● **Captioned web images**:
= = = = =

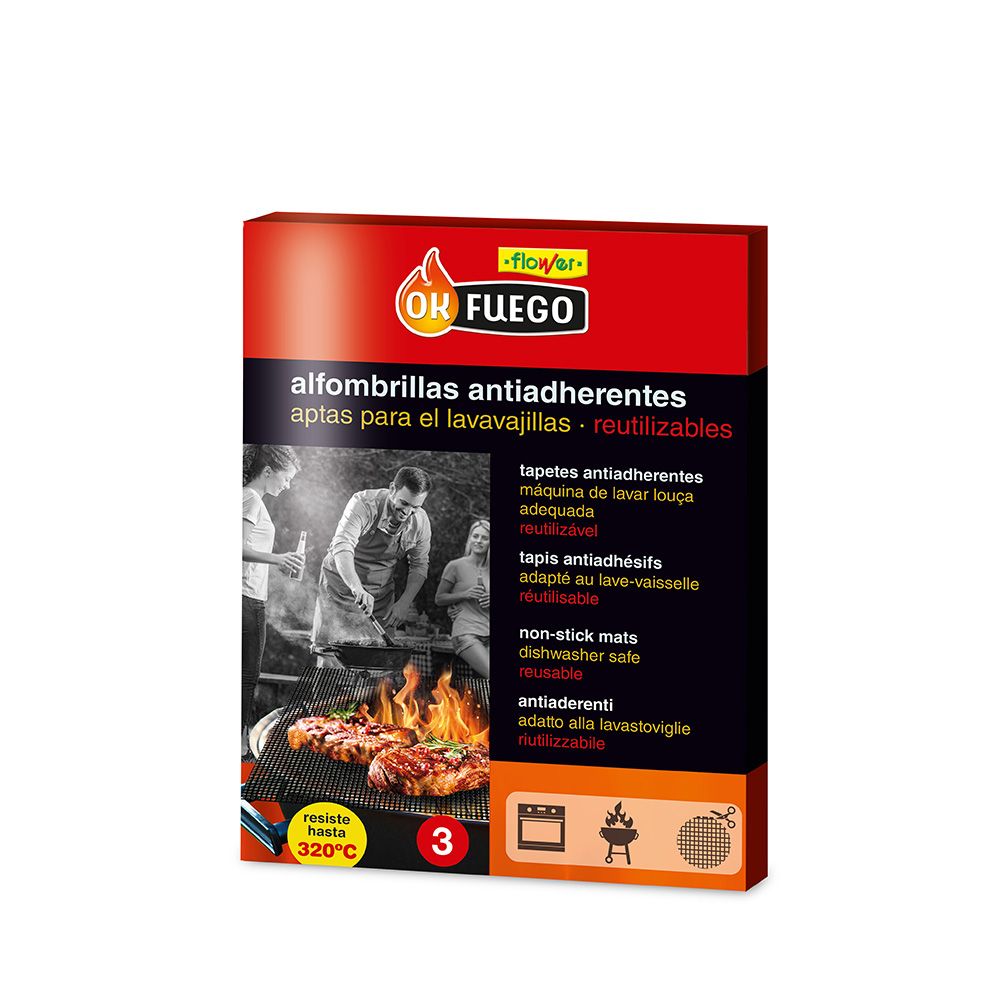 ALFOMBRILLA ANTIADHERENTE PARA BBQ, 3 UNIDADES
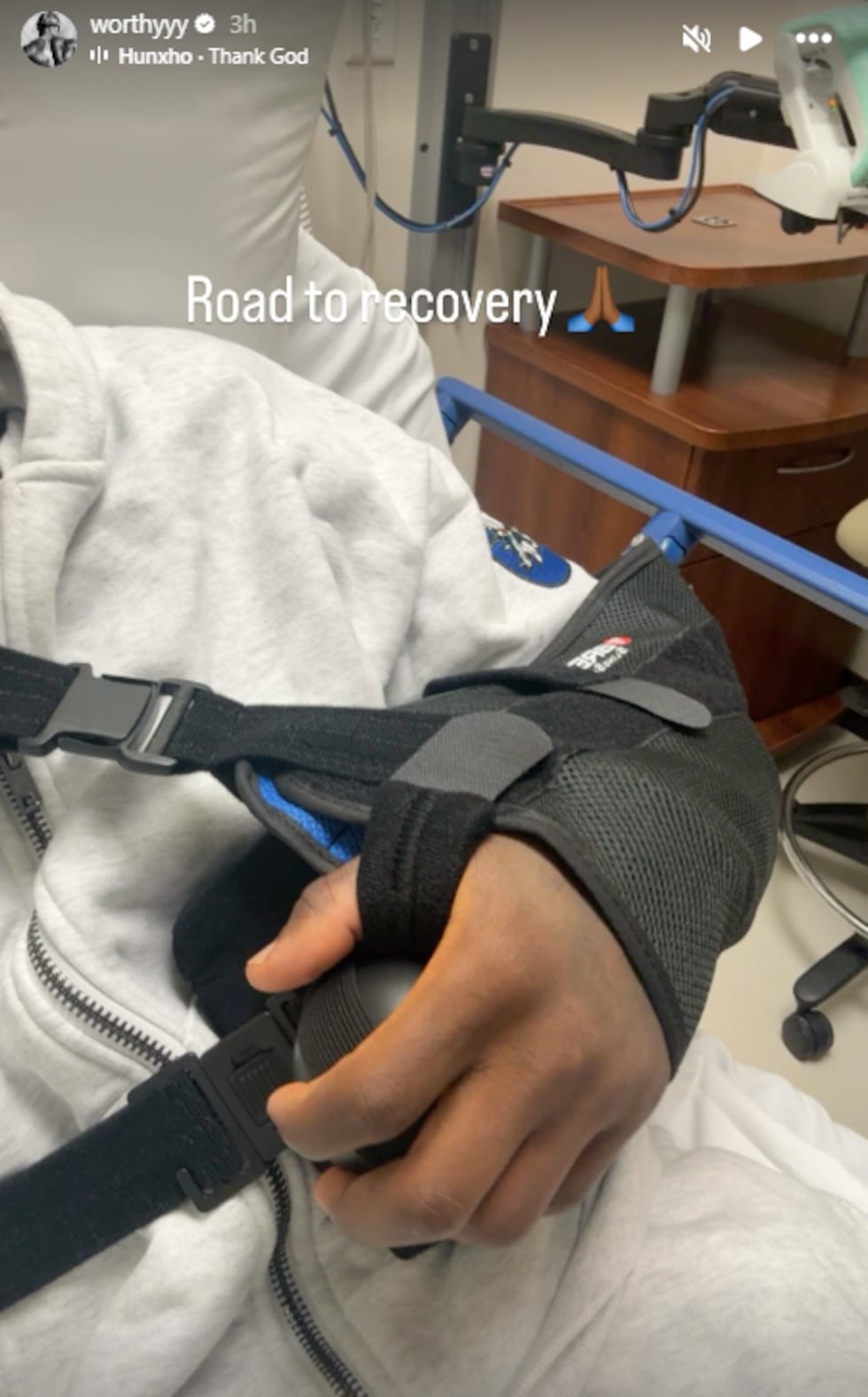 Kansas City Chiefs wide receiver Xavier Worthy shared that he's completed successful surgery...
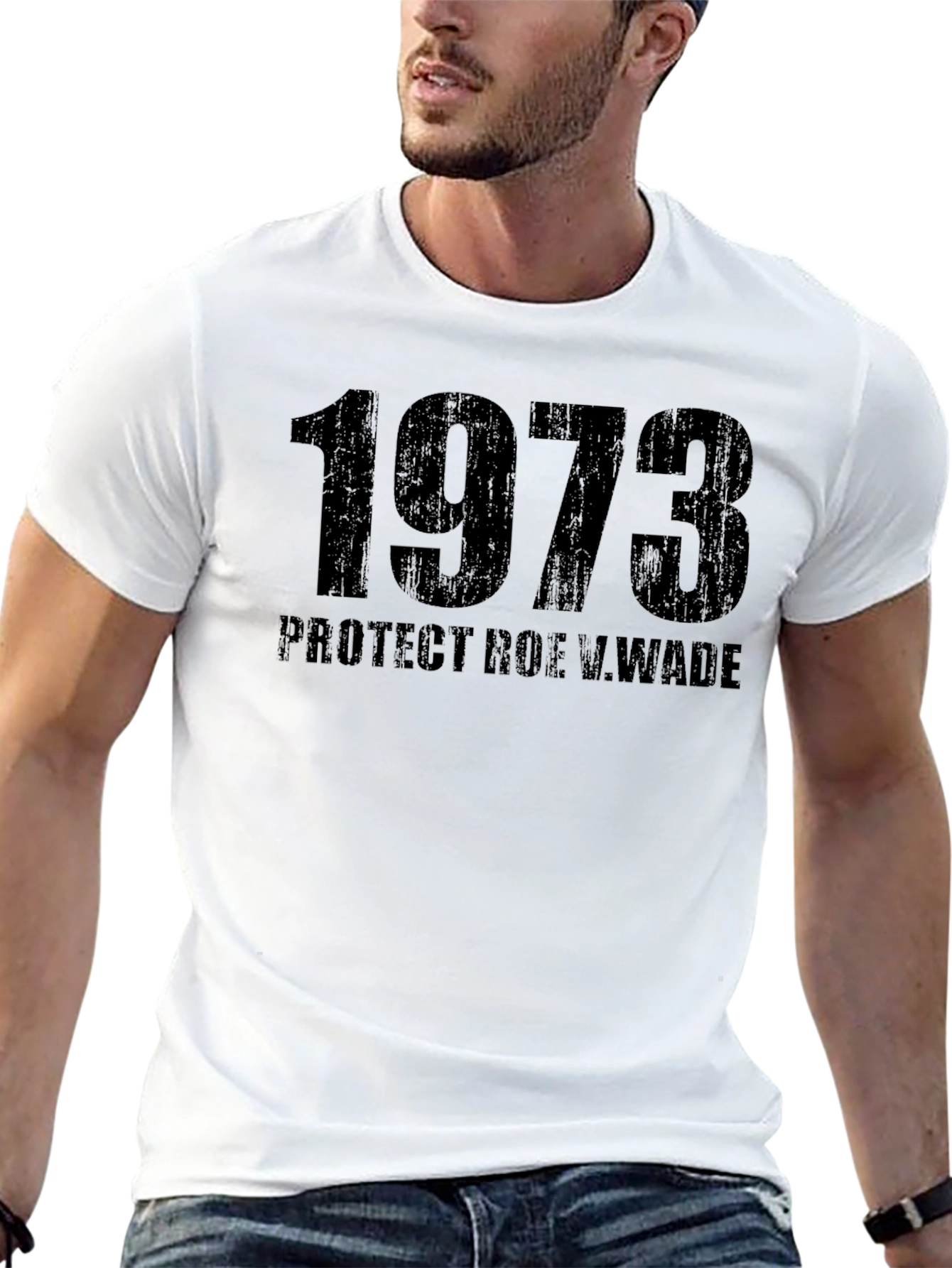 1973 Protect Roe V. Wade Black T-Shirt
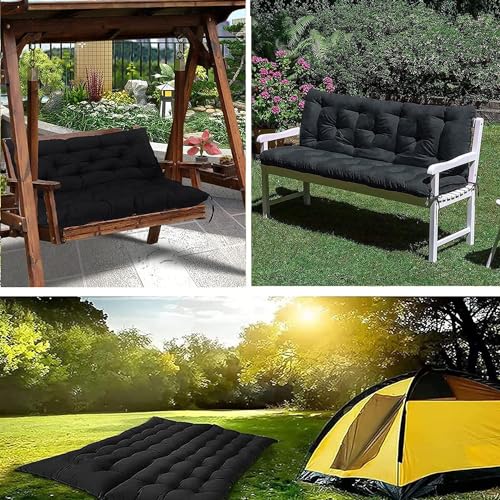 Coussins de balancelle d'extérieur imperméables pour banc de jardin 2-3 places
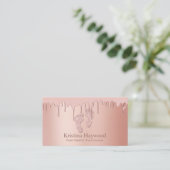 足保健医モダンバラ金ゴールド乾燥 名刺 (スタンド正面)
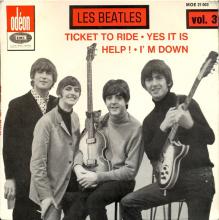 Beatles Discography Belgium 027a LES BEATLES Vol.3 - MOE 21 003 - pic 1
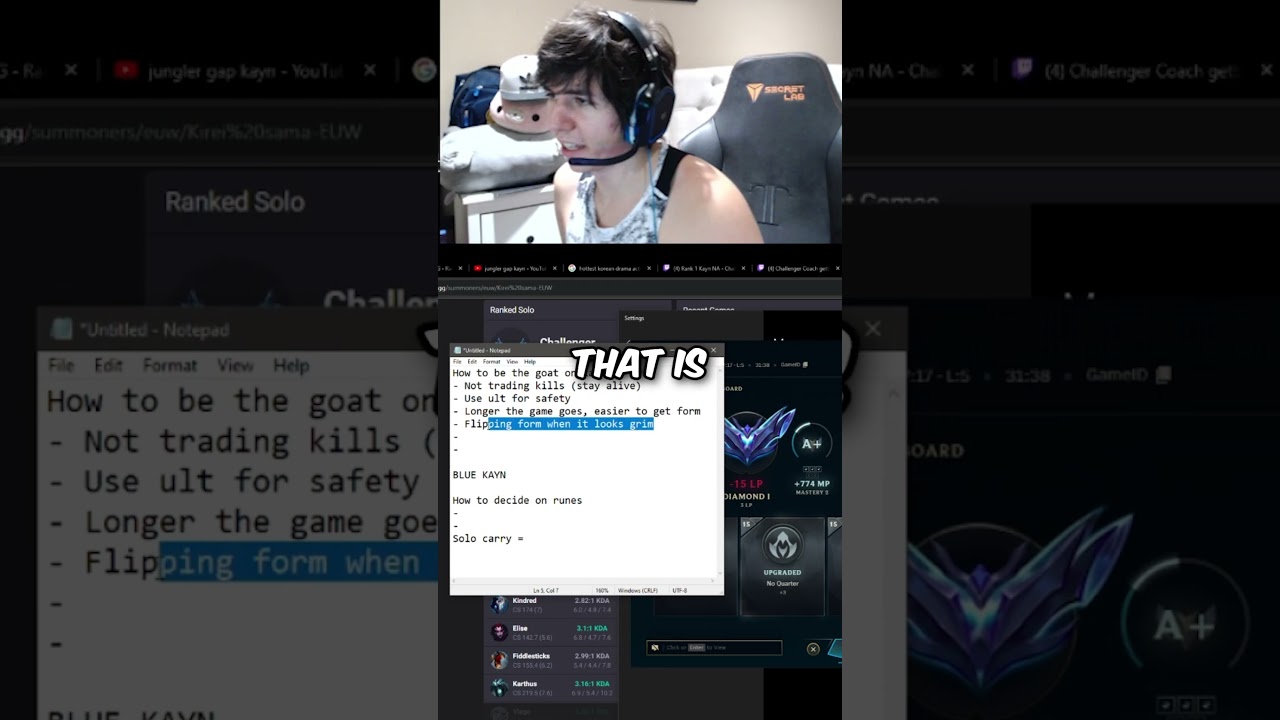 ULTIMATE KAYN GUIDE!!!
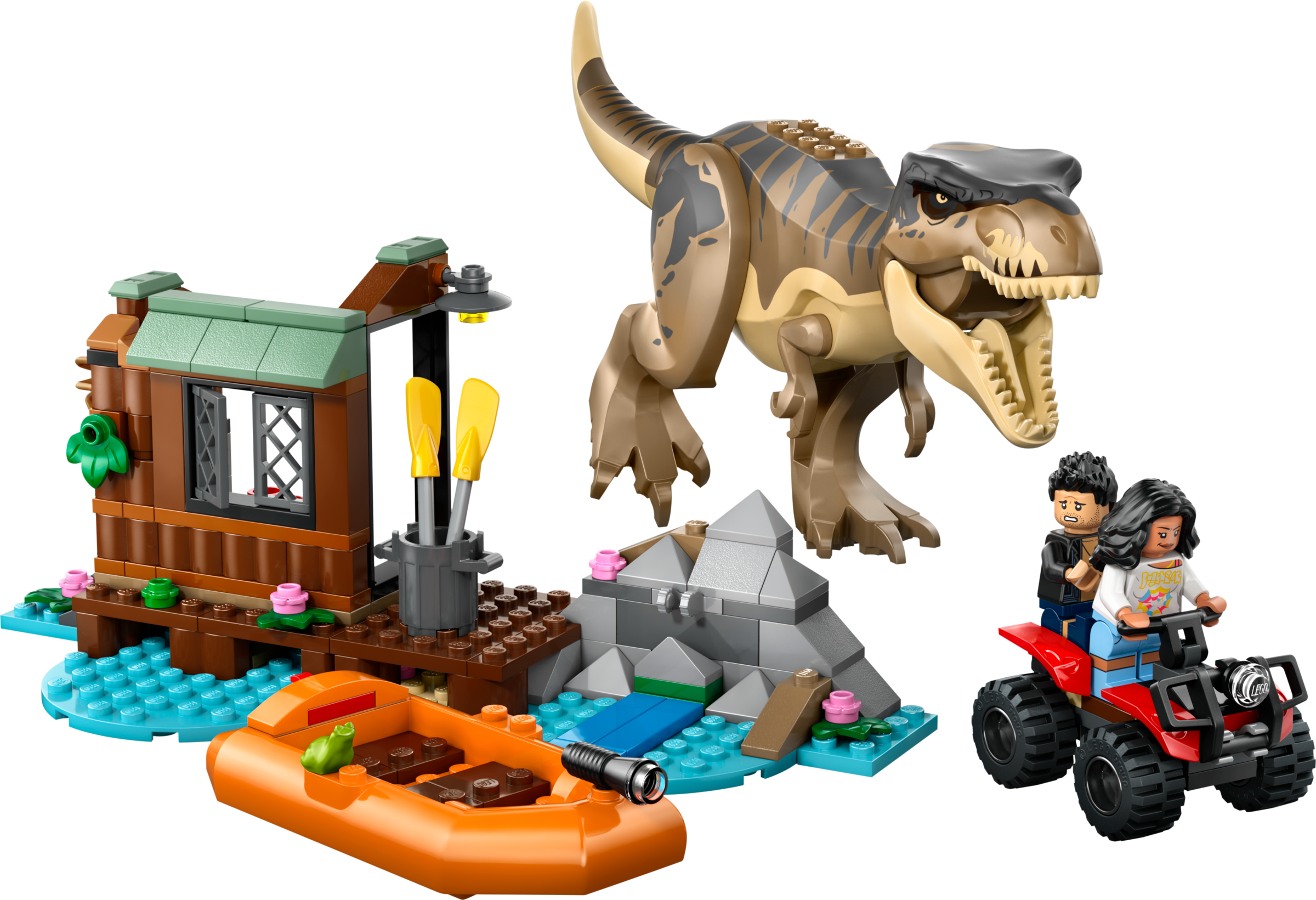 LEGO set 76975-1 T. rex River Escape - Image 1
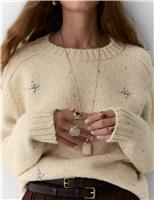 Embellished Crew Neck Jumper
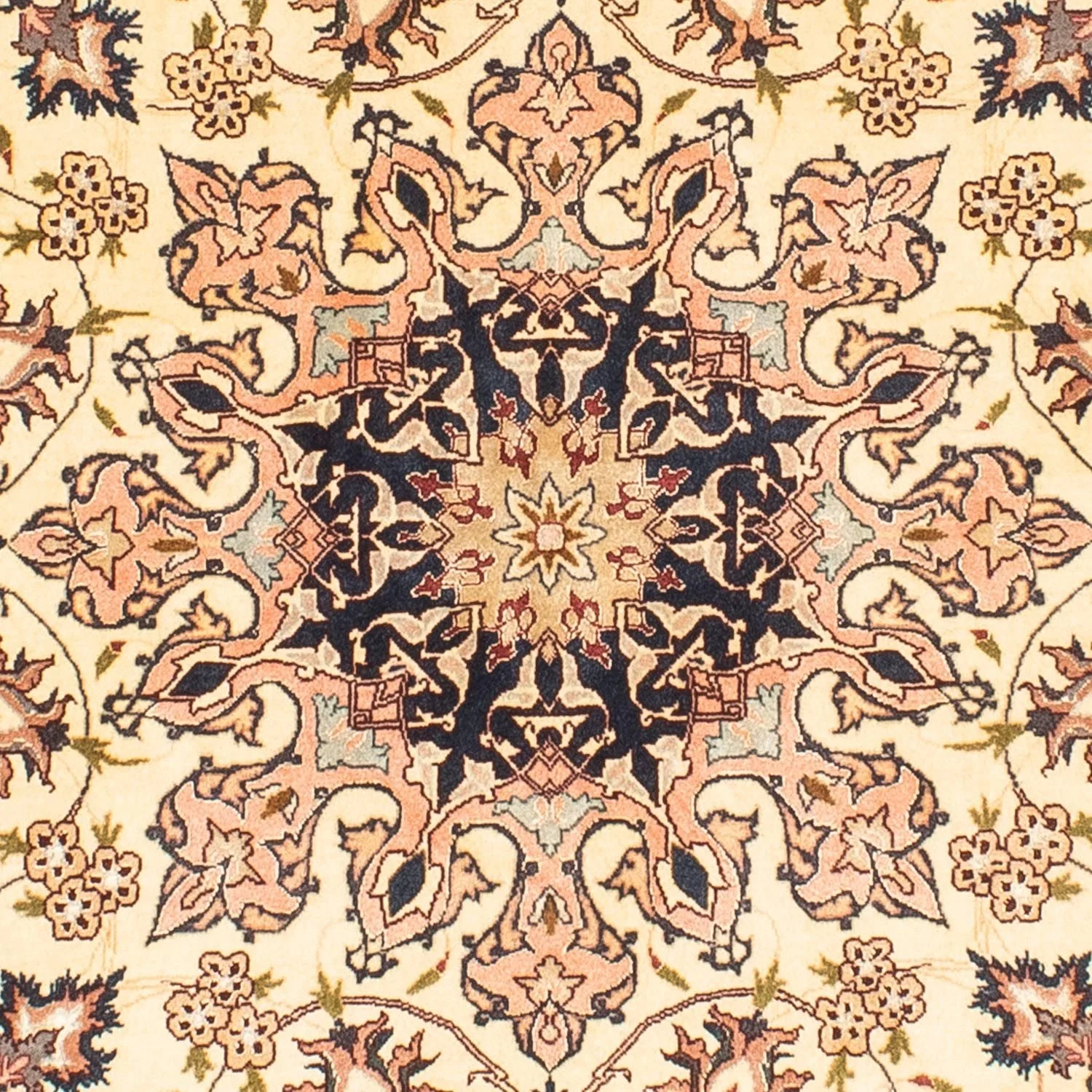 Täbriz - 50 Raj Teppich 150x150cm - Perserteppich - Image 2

= = = = =

● **About this task**:
Repeat the entries word for word and skip the pictures.

● **Exercise answer**:
 ALFOMBRILLA ANTIADHERENTE PARA BBQ, 3 UNIDADES
 Kansas City Chiefs wide receiver Xavier Worthy shared that he's completed successful surgery...
 1973 Protect Roe V. Wade Black T-Shirt
 Coussins de balancelle d'extérieur imperméables pour banc de jardin 2-3 places
 足保健医モダンバラ金ゴールド乾燥 名刺 (スタンド正面)
 Beatles Discography Belgium 027a LES BEATLES Vol.3 - MOE 21 003 - pic 1
 ULTIMATE KAYN GUIDE!!!
 LEGO set 76975-1 T. rex River Escape - Image 1
 Embellished Crew Neck Jumper
 Täbriz - 50 Raj Teppich 150x150cm - Perserteppich - Image 2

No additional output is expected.